I was trying to see that if the sums like the following is calculable
$$\sum_{(x, y)=1} f(x,y)$$
where $x>y$ are positive integers with different parity. How can we prove that the sum is divergent or convergent? Like the following
$$\sum_{(x, y)=1} \frac{x^2-y^2}{x^2+y^2} $$
Actually, what I'm looking for is to see that if the sum is convergent, how can we calculate it?
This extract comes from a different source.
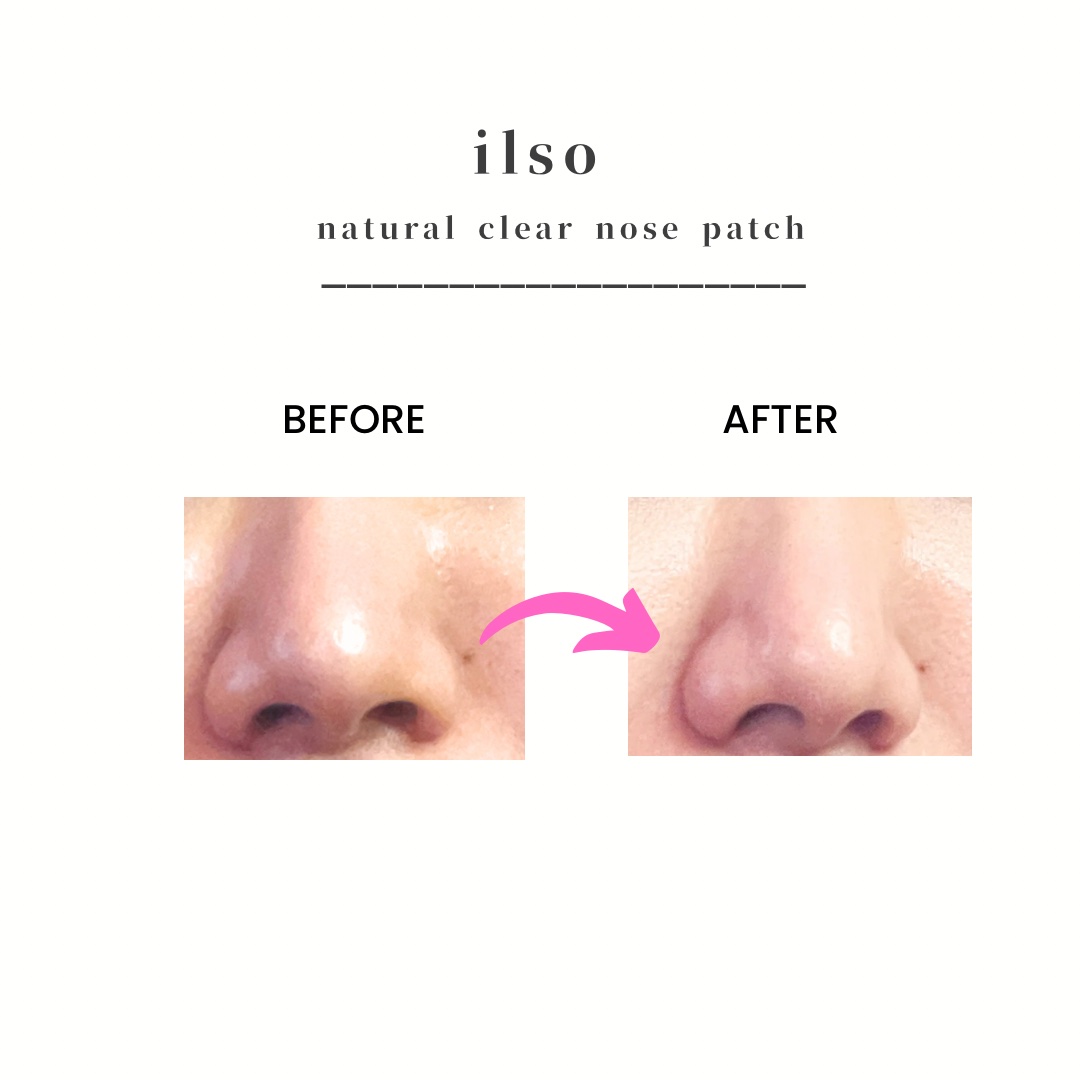 ディープクリーンマスター/ilso/その他スキンケアグッズを使ったクチコミ（3枚目）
Like
$$\sum \frac{x^2}{x^4+y^4}$$
Hint:
Since $\gcd(n,1)=1$ for any positive integer $n$, the sum contains $\sum\limits_{k=1}^\infty\dfrac{k^2-1}{k^2+1}$
Also, we have $\lim\limits_{k\to\infty}\dfrac{k^2-1}{k^2+1}=\lim\limits_{k\to\infty}\dfrac{1-1/k^2}{1+1/k^2}=1\neq 0$
One could also argue that since we're summing over all coprime tuples of $\Bbb Z^2$, for $\gcd(x,y)=1$, the term $\dfrac{x^2-y^2}{x^2+y^2}$ is cancelled out by the term $\dfrac{y^2-x^2}{x^2+y^2}$ which is from the tuple $(y,x)$ since $\gcd(x,y)=\gcd(y,x)$, so the overall sum is $0$.
Hence, my original answer assumes (wlog?) that $x\gt y$ (i.e., the tuple $(x,y)$ is assumed to be the same as $(y,x)$, so we only take the tuple $(x,y)$ in the sum) to show divergence.